▶ **What the task requires**: Only the lines from the beginning of the data below through the line that contains "World skyline detailed silhouette." should be repeated, exactly as written.

··· Records supplied ···

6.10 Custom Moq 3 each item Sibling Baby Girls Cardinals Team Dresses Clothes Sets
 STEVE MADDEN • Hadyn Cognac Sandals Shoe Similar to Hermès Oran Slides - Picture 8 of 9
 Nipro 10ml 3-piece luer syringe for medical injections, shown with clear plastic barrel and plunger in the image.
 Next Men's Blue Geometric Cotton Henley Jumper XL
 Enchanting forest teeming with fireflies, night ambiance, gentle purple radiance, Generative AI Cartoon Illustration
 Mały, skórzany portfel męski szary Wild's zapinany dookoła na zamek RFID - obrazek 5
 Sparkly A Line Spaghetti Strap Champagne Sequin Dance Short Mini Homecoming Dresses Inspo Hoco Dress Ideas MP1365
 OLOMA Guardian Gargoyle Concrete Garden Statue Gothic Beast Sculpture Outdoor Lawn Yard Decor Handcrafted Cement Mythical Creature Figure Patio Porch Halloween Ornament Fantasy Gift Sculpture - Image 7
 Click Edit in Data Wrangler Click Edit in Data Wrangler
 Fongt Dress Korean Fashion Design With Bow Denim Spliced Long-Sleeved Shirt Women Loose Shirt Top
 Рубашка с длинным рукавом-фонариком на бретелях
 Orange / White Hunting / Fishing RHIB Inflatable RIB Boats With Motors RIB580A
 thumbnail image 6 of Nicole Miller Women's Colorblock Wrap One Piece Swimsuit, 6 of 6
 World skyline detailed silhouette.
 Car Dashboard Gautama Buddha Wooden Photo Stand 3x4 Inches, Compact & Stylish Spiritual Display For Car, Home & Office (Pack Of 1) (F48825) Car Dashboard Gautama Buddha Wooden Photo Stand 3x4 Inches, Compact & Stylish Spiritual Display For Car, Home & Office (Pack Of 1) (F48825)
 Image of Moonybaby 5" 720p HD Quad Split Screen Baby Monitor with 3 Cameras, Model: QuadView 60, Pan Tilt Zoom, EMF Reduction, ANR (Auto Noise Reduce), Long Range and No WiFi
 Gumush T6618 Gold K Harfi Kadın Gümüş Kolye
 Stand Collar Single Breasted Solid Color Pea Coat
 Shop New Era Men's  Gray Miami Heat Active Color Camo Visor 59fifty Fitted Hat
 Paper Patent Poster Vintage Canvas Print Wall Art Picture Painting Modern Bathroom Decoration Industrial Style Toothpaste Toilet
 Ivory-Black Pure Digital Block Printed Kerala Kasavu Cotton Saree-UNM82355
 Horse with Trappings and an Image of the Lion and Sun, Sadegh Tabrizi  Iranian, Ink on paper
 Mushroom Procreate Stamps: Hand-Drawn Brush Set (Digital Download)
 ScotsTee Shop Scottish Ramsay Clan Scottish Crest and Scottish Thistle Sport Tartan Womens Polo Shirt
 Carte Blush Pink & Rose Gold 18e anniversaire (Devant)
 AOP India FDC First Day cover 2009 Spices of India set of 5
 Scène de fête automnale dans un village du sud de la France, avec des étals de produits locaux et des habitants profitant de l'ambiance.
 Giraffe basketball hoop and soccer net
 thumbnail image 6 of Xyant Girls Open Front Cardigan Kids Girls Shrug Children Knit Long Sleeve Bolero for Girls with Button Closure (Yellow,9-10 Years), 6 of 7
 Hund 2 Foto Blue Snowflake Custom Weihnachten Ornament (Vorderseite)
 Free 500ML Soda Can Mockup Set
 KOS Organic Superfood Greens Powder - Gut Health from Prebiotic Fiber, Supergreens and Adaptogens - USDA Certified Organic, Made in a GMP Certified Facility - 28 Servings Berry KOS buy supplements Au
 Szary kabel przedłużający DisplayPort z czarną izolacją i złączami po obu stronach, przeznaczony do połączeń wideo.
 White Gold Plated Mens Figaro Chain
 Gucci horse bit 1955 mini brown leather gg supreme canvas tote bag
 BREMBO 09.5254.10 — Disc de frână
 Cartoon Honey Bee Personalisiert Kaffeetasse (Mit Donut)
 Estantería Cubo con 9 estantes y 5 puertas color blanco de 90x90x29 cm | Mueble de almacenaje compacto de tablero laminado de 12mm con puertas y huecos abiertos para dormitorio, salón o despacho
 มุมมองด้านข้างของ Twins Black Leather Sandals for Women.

···

▶ **Result below**:
6.10 Custom Moq 3 each item Sibling Baby Girls Cardinals Team Dresses Clothes Sets
 STEVE MADDEN • Hadyn Cognac Sandals Shoe Similar to Hermès Oran Slides - Picture 8 of 9
 Nipro 10ml 3-piece luer syringe for medical injections, shown with clear plastic barrel and plunger in the image.
 Next Men's Blue Geometric Cotton Henley Jumper XL
 Enchanting forest teeming with fireflies, night ambiance, gentle purple radiance, Generative AI Cartoon Illustration
 Mały, skórzany portfel męski szary Wild's zapinany dookoła na zamek RFID - obrazek 5
 Sparkly A Line Spaghetti Strap Champagne Sequin Dance Short Mini Homecoming Dresses Inspo Hoco Dress Ideas MP1365
 OLOMA Guardian Gargoyle Concrete Garden Statue Gothic Beast Sculpture Outdoor Lawn Yard Decor Handcrafted Cement Mythical Creature Figure Patio Porch Halloween Ornament Fantasy Gift Sculpture - Image 7
 Click Edit in Data Wrangler Click Edit in Data Wrangler
 Fongt Dress Korean Fashion Design With Bow Denim Spliced Long-Sleeved Shirt Women Loose Shirt Top
 Рубашка с длинным рукавом-фонариком на бретелях
 Orange / White Hunting / Fishing RHIB Inflatable RIB Boats With Motors RIB580A
 thumbnail image 6 of Nicole Miller Women's Colorblock Wrap One Piece Swimsuit, 6 of 6
 World skyline detailed silhouette.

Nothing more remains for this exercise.